By Guest bloggers: 2022 John Oxley Library Honorary Fellow Professor Anna Johnston and UQ student Connor Crossley. | 15 February 2024

St. Valentine’s Day. Illustrated Australian News for Home Readers, 24 Feb. 1875, p. 17.

St. Valentine’s Day. Illustrated Australian News for Home Readers, 24 Feb. 1875, p. 17. John Oxley Library, State Library of Queensland. 

Guest bloggers: UQ student, Connor Crossley and 2022 John Oxley Library Honorary Fellow, Professor Anna Johnston.

In working with Professor Anna Johnston on her project History and Fiction: Mapping Frontier Violence in Colonial Queensland Writing, I was prepared to read a lot of, well, violence. And certainly I did – but the fiction was wide-ranging, and touched on themes outside of my understanding of settler colonialism. One theme I was surprised to find so frequently was that of love.

Love in frontier writing was both traditional and subversive, representing relationships between white settlers, as well as across racial boundaries – for example, the dastardly Frank Melvil (based on the real-life Frank Jardine, who married a Samoan woman) and Nini of the Sea Eel tribe in Francis Adams’ ‘The Red Snake. In particular, the gold rushes of northern Queensland provide a wonderful backdrop and motivation for the blooming and withering of love.

‘The Red Snake’ title image.

‘The Red Snake’ title image.Adams, Francis. "The Red Snake." The Boomerang, 1888, pp. 17-18, doi:10.1017/S1321816600004608.John Oxley Library, State Library of Queensland. 

The Australian gold rushes were an opportunity for new settlers in Australia to find home and prosperity, away from their birthplaces of the United Kingdom, China, or elsewhere. As Katrina Dernelley notes, these people ‘saw in the shimmering haze of gold fever the opportunity to dream of home, comfort and stability.’ While Dernelley does not focus on ‘a gold rush landscape populated by itinerant men,’ this is exactly what many of the stories in History and Fiction portray: men journeying away from their homes to find their fortunes and return rich, often spurred on by a sense of duty to or outright demands from their lovers. Typically, these stories end in tragedy – but what good love story doesn’t?

Three stories in particular follow this format closely: the anonymous Bushman’s ‘The Mysterious Mountain,’ Louis Becke’s ‘The Prospector,’ and Alita’s ‘How Graham Lost His Arm.’

The Mysterious Mountain

‘The Mysterious Mountain’ title image. Bushman. "The Mysterious Mountain." The Boomerang, no. 214, 1891, p. 10.

‘The Mysterious Mountain’ title image. Bushman. "The Mysterious Mountain." The Boomerang, no. 214, 1891, p. 10. John Oxley Library, State Library of Queensland.

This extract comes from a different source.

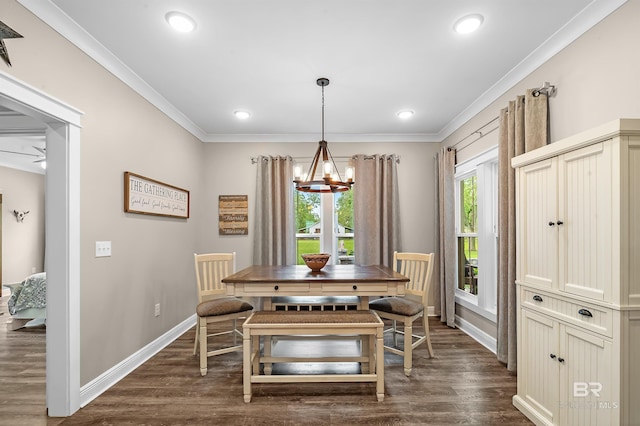 dining space featuring an inviting chandelier, dark wood-type flooring, and crown molding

Two courters, Jack and Jennie, are promised to each other. They are young and beautiful, but, despite their love, cannot be engaged:

‘Oh, Jack! How can I?’ And the speaker, a winsome brown-haired, brown-eyed maiden of eighteen looked up appealingly at the stalwart young fellow who held her hands in his. ‘And why can’t you Jennie?’ replied Jack, somewhat sullenly, ‘you promised me long ago.’

Jennie recounts her family’s financial issues – her aunt and uncle are retired, impoverished, and indebted. Jennie feels a strong obligation to her aunt and uncle, ‘who took [her], an orphan child, helpless and alone, and who have cared for [her] and loved [her].’ Jack, spurred on by love and duty, promises to head to the gold fields and return solvent, ready to begin a new life betrothed:

‘I ask no woman to wed poverty with me,’ replied Jack proudly, ‘I have brought back little with me but fever from the North this time, but oh, Jennie, my love, promise me to wait for me for one year more, and if I do not come to claim you then, forget me, for you will never see me again.’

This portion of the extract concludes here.